After running away from her home in Dresden, East Germany, last summer to join Daesh in Iraq, a German teenager — Linda Wenzel — is to stand trial in the country's courts, and could face the death penalty.
Iraqi Prime Minister Haider al-Abadi told the Associated Press the 16-year-old, currently held in a Baghdad prison, was "accountable for [her] actions" — especially as she may have been involved in criminal activity that amounted to "killing innocent people."
Linda was captured by Iraqi forces in the basement of a home in Mosul in July, during an offensive aimed at driving the extremist group from the city. She along with four other women were armed with weapons and suicide bomber belts, ready to blow up the advancing army.
She is accused of working with Daesh's "police force" and carrying out terrorist attacks, and is one of over many women being detained for their activities during Daesh's three-year reign of terror in the country.

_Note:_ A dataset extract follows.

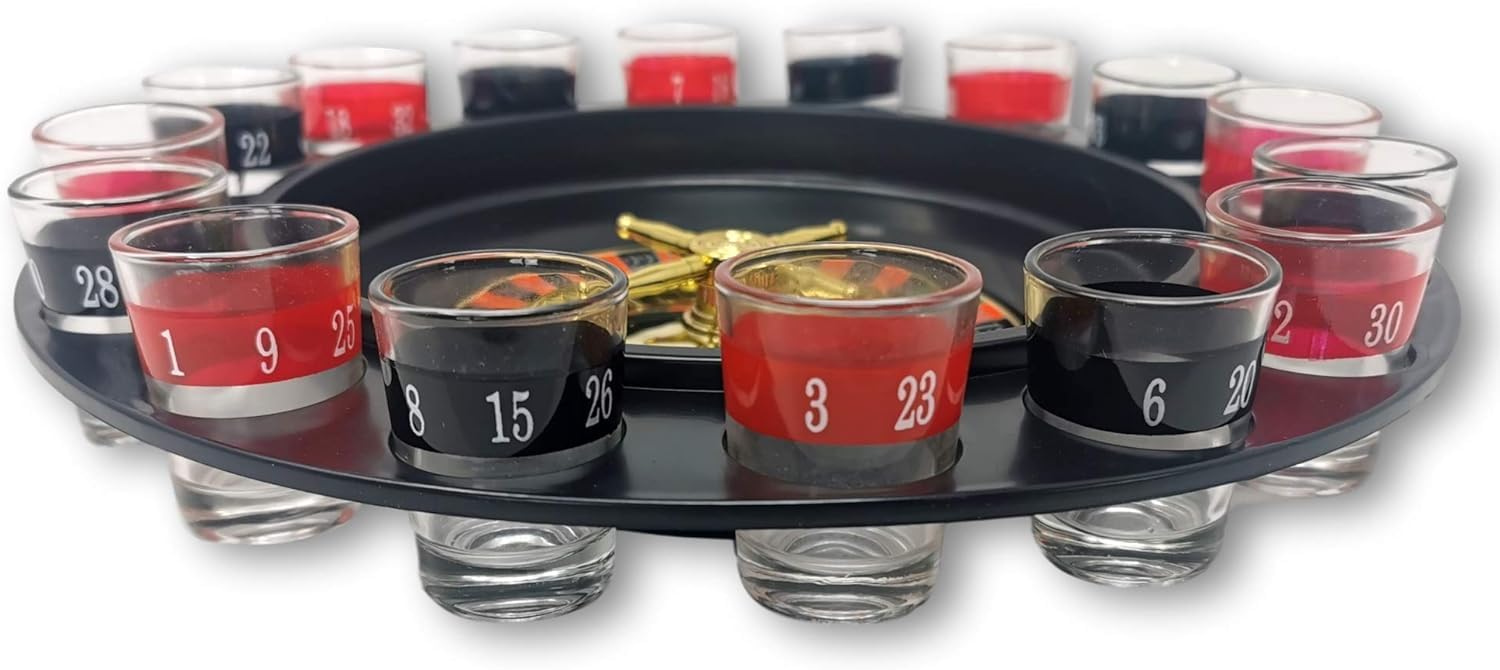 SPARKLERS CLUB Gioco Roulette 30 cm - Gioco per aperitivo Roulette 16 bicchieri e 2 sfere, ideale per la serata tra amici Capodanno, aperitivo e vigilia del 31 dicembre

Germany's Foreign Ministry were previously said to be working on returning the teen and three other German women who were caught in Iraq, but there is no extradition treaty in place between the two countries, and Iraqi officials have indicated they wish for her and other foreign converts to be tried in the country's own courts.
Capital punishment is banned under German law — if she was tried at home, she'd face a prison term of up to 10 years — but very much in place in Iraq.
Linda was 15 when she fled her hometown in the German state of Saxony.
In interviews after her capture, she has spoken of her immense regret at journeying to Iraq, and her desire to go home, "away from the weapons, the noise."
Radicalized after communicating with Daesh members online, Linda claims it took a month to travel to Iraq via Turkey and Syria, where she married a Daesh fighter.
She was later "shipped" to Mosul, where her husband was killed shortly after. She has a gunshot wound on her left thigh and another injury on her right knee caused during a helicopter attack.
In the past few years, more than 930 Islamists have traveled from Germany to join the Daesh terrorist group in Iraq or Syria.
According to Germany's Federal Office for the Protection of the Constitution, 20 percent of them are women and five percent were minors. Of those under the age of 18, half were female.
Sigrid Herrmann Marschall, an expert in Islamism in Germany, has previously told Sputnik Islamists all over the country are trying to recruit young girls to join Daesh. She spoke of one "remarkable case," involving an interpreter in Leipzig.
The interpreter belonged to an extremist mosque, and was employed to speak to refugees from the Middle East.
In many cases, the individual managed to convert refugees to the cause of extremism, whereupon they would apply to be repatriated back to their home countries.
Islamist recruiters in Germany often work not for ideological conviction, but money — providing male fighters and "Daesh brides" is a lucrative business, as the terror group wishes to ensnare and create successive generations for its ranks.
Other individuals — often dubbed "Daesh brides" — include citizens of France, Belgium, Syria and Iran.